Von Neumann systems are conceptually uncomplicated to design and program, since they do only one operation at a time. A number of advancements have been made to the original von Neumann paradigm to permit the various parts of the system, most notably the various components of the processor, to operate relatively independently and achieve a significant increase in processing speed. One such advancement is pipelining of the various steps in executing an instruction, including instruction fetch, operation code decode (a typical instruction includes an operation code which identifies the operation to be performed, and in most cases one or more operand specifiers, which identify the location in memory of the operands, or data, to be used in executing the instruction), operand fetch, execution (that is, performing the operation set forth in the operation code on the fetched operands), and storing of processed data, which steps are performed relatively independently by separate hardware in the processor. In a pipelined processor, the processor's instruction fetch hardware may be fetching one instruction while other hardware is decoding the operation code of another instruction, fetching the operands of still another instruction, executing yet another instruction, and storing the processed data of a fifth instruction. Since the five steps are performed sequentially, pipelining does not speed up processing of an individual instruction. However, since the processor begins processing of additional instructions before it has finished processing a current instruction, it can speed up processing of a series of instructions.

A pipelined processor is obviously much more complicated than a simple processor in a von Neumann system, as it requires not only the various circuits to perform each of the operations (in a simple von Neumann processor, many circuits could be used to perform several operations), but also control circuits to coordinate the activities of the various operational circuits. However, the speed-up of the system can be dramatic.

More recently, some processors have been provided with execution hardware which includes multiple functional units each being optimized to perform a certain type of mathematical operation. For example, some processors have separate functional units for performing integer arithmetic and floating point arithmetic, since they are processed very differently. Some processors have separate hardware functional units each of which performs one or only several types of mathematical operations, including addition, multiplication, and division operations, and other operations such as branch control and logical operations, all of which can be operating concurrently. This can be helpful in speeding up certain computations, most particularly those in which several functional units may be used concurrently for performing parts of a single computation.

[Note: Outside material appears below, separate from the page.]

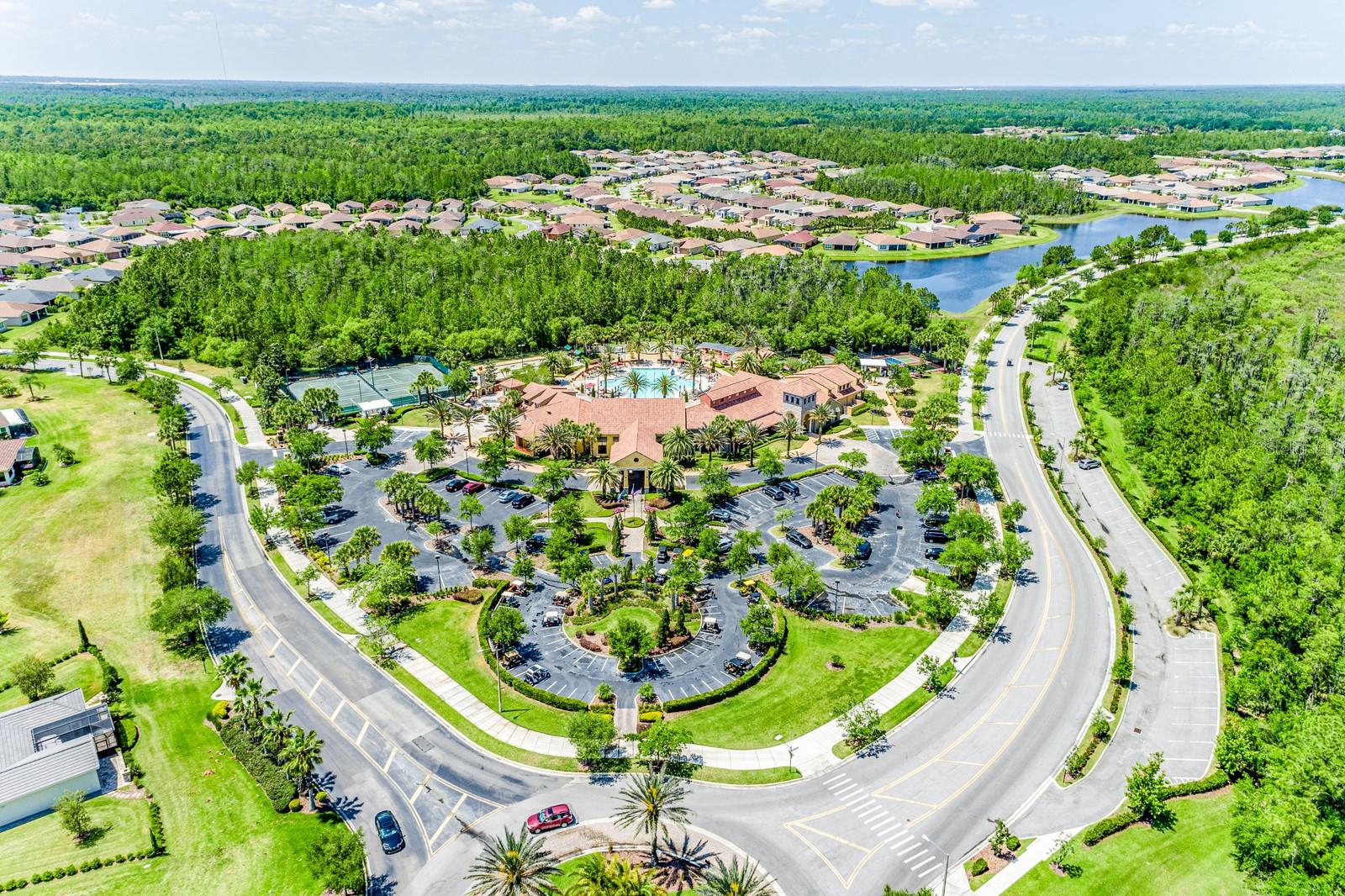 SOLIVITA PH 07C - Residential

In a von Neumann processor, including those which incorporate pipelining or multiple functional units (or both, since both may be incorporated into a single processor), a single instruction stream operates on a single data stream. That is, each instruction operates on data to enable one calculation at a time. Such processors have been termed "SISD," for single-instruction/single-data." If a program requires a segment of a program to be used to operate on a number of diverse elements of data to produce a number of calculations, the program causes the processor to loop through that segment for each calculation. In some cases, in which the program segment is short or there are only a few data elements, the time required to perform such a calculation may not be unduly long.

However, for many types of such programs, SISD processors would require a very long time to perform all of the calculations required. Accordingly, processors have been developed which incorporate a large number of processing elements all of which may operate concurrently on the same instruction stream, but with each processing element processing a separate data stream. These processors have been termed "SIMD" processors, for "single-instruction/multiple-data."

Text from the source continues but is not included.